→ Supplied material
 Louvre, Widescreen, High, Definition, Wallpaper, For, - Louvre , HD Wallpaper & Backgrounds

--

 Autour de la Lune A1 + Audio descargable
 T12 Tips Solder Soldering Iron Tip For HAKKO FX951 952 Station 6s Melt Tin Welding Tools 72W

...

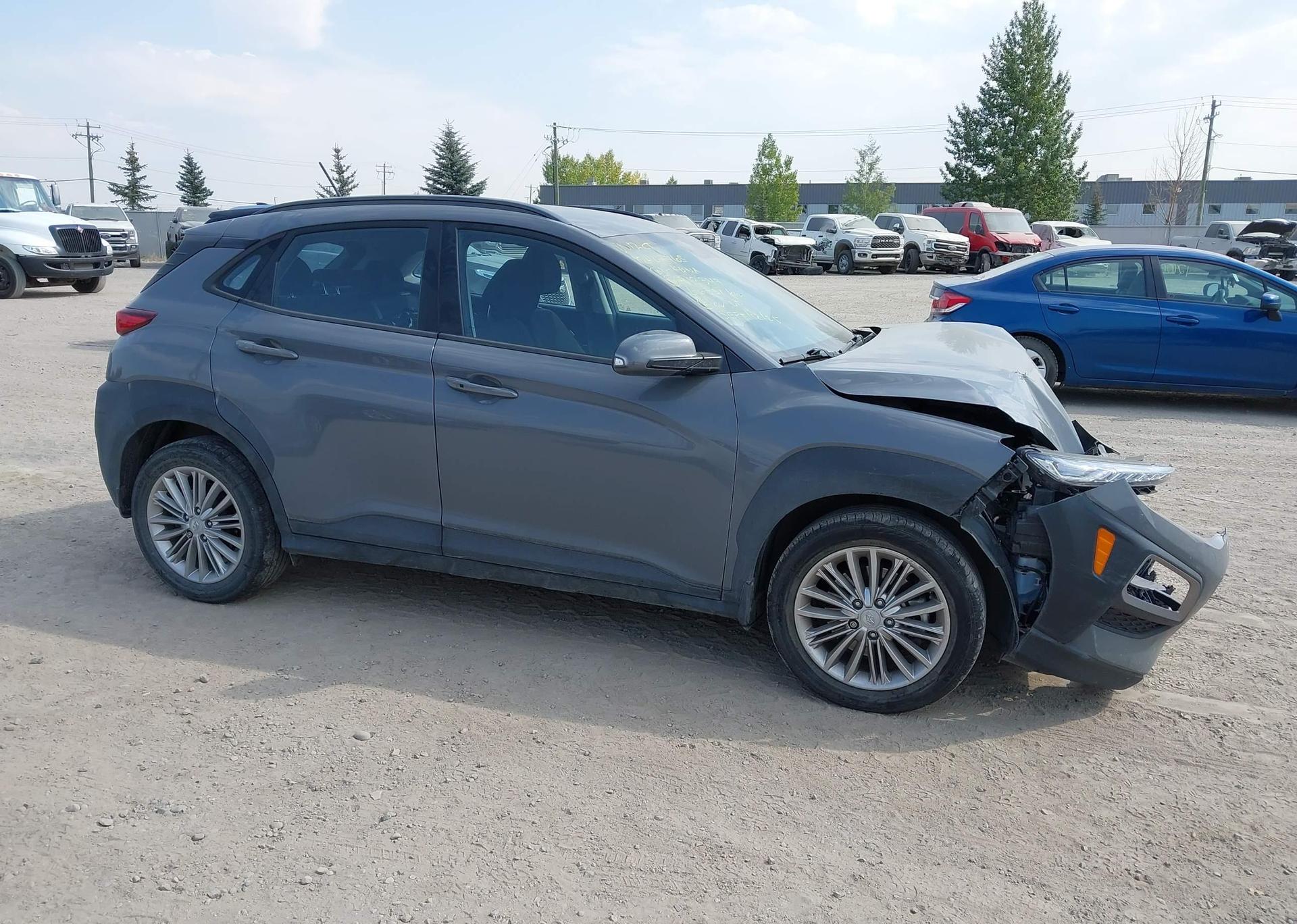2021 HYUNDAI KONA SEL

→ About this exercise
Scan the lines above for "Autour de la Lune A1 + Audio descargable" and for "T12 Tips Solder". Repeat exactly the line holding each of them and every line in between.

→ Output for this exercise
 Autour de la Lune A1 + Audio descargable
 T12 Tips Solder Soldering Iron Tip For HAKKO FX951 952 Station 6s Melt Tin Welding Tools 72W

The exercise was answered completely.